A late-1980's computer strategy game by SSI, distributed by Electronic Arts. You are the heir to the Duke of Aladda, and must reunite the Aragonian Empire by building an army and conquering the neighboring city-states either through force of arms or other means. Your final goal is to conquer the capital of Tetrada.
While only offering CGA
graphics, Sword of Aragon had a highly detailed medieval
combat simulation system, featuring:
- morale - units could break and run if damaged or under the influence of enemy spells. Veteran units were less likely to lose morale, and high morale also affected a unit's performance in battle.
- fatigue - units that had been force-marched, or those that had been in combat too long lost effectiveness.
- troop experience - individual units could gain levels, much like heroes (PCs)

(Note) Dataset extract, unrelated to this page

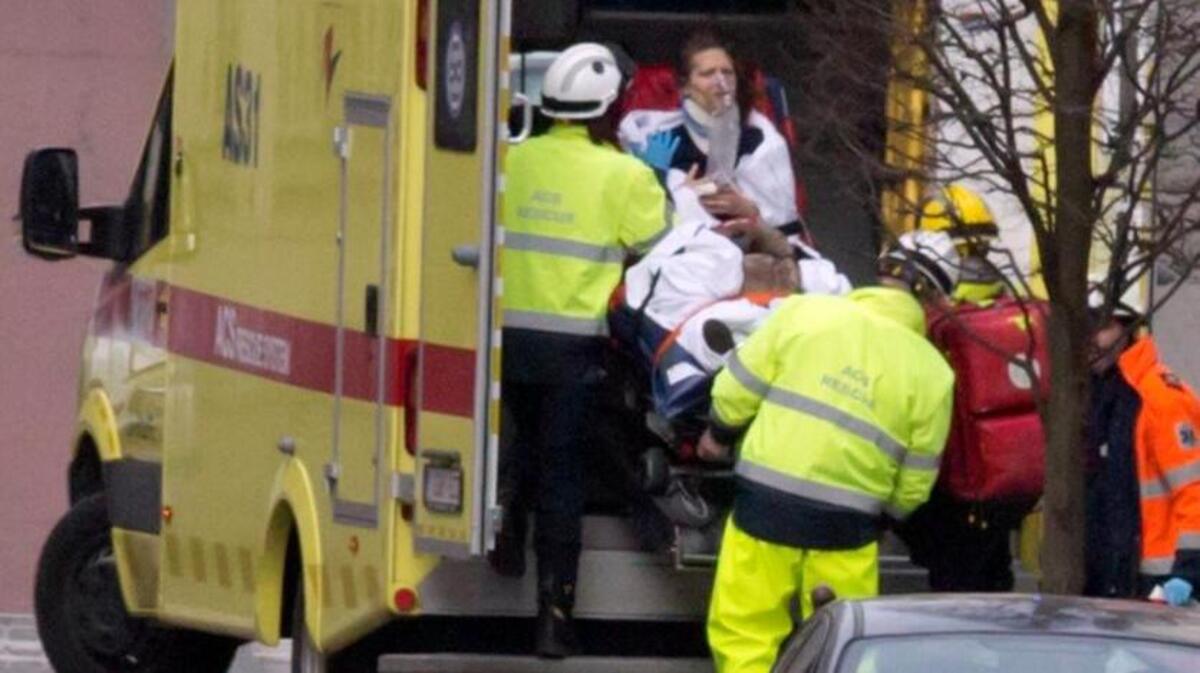A woman is evacuated in an ambulance by emergency services after an explosion in a metro station in Brussels.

- troop equipment - you could choose to equip an infantry unit with a variety of arms, both melee and ranged, armor ranging from leather to chain and plate, and horses, from light to heavy. Horses could also be equipped with armor (barding). Equipment costs were not only charged during unit creation, but also increased unit maintenance. Also, some equipment (plate, for example) were only available to higher-level troops.

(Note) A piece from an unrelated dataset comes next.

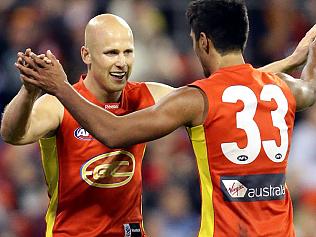 SPORT. BSM. 11/8/12. Aaron Hall of the Suns celebrates a goal with Gary Ablett during the AFL match between the Gold Coast Suns and the GWS Giants played at the Gold Coast. Pic Darren England.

- terrain - high or low ground was a factor, as well as mud, tree cover, and fortifications.
- weather - the game keeps track of the various seasons, and marching during winter will kill off a portion of your men. It's therefore best to plan military campaigns during the spring, and make sure you are secure within a city by the first snow.

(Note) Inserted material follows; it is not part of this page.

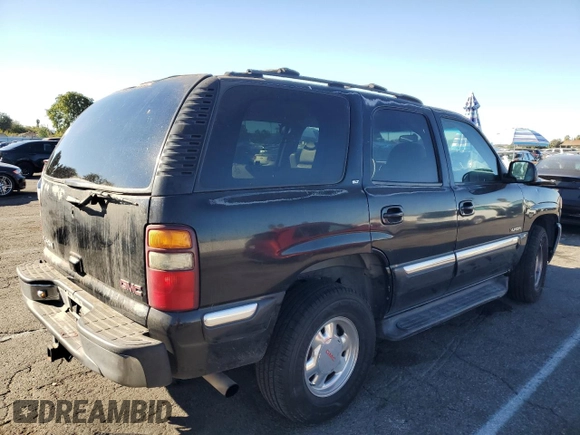 2001 GMC Yukon SLT z VIN 1GKEC13T41J148550, wystawiony jako Copart lot #80580964 z przebiegiem Nie podano mil oraz Szkoda całkowita • Salvage title. Historia ofert i sprzedaży dostępna na DreamBid. Obrazek 3.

A direct descendant of the tabletop cardboard-counter strategy game, Aragon is seen as one of the forerunners of the modern computer strategy simulations such as the Panzer General series, although few of these newer games have a combat model offering this level of detail.
The game proceeds in a somewhat linear fashion. Although you could wander the map, do quests, and conquer cities freely, several quests only appear if you visit the enemy cities in a particular order. You may also choose to strike deals with factions in each city, helping them to overthrow the current ruler, in which case they will agree to be your vassal, freeing you from micromanaging that particular city (as they will pay you a tax each month).
You will also have to contend with various non-human races (the standard fantasy elves, dwarves and giants) and can either strike alliances or declare hostilities with them as you wish. Be advised, however, that angering the elves is unwise without a strong military to back you up, due to their proximity to your starting cities.
This is reputedly one of author Jerry Pournelle's all-time favorite games, and has received lavish praise in his Byte magazine columns.
A very addictive game, especially for strategy grognards or fantasy role-players, although extremely dated graphics and a clunky interface may put off younger gamers.